GRAUBUNDEN, SWITZERLAND – The world must act quickly to avert a future in which autonomous robots with artificial intelligence roam the battlefields killing humans, scientists and arms experts warned at an elite gathering in the Swiss Alps.
Rules must be agreed to prevent the development of such weapons, they said at a January 19-23 meeting of billionaires, scientists and political leaders in the snow-covered ski resort of Davos.
Angela Kane, the German UN High Representative for Disarmament Affairs from 2012-2015, said the world had been slow to take pre-emptive measures to protect humanity from the lethal technology.
“It may be too late,” she told a debate in Davos.
“There are many countries and many representatives in the international community that really do not understand what is involved. This development is something that is limited to a certain number of advanced countries,” Kane said.

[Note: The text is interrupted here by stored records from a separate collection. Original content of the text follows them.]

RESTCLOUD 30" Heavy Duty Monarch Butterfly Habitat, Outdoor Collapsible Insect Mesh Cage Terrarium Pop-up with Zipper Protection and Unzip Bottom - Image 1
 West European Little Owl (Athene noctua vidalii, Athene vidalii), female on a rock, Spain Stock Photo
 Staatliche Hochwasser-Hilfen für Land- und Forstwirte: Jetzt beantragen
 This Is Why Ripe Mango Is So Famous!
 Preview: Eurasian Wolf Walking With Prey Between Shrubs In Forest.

The deployment of autonomous weapons would represent a dangerous new era in warfare, scientists said.
“We are not talking about drones, where a human pilot is controlling the drone,” said Stuart Russell, professor of computer science at University of California, Berkeley.
“We are talking about autonomous weapons, which means that there is no one behind it. AI: artificial intelligence weapons,” he told a forum in Davos. “Very precisely, weapons that can locate and attack targets without human intervention.”
Russell said he did not foresee a day in which robots fight the wars for humans and at the end of the day one side says: “OK you won, so you can have all our women.”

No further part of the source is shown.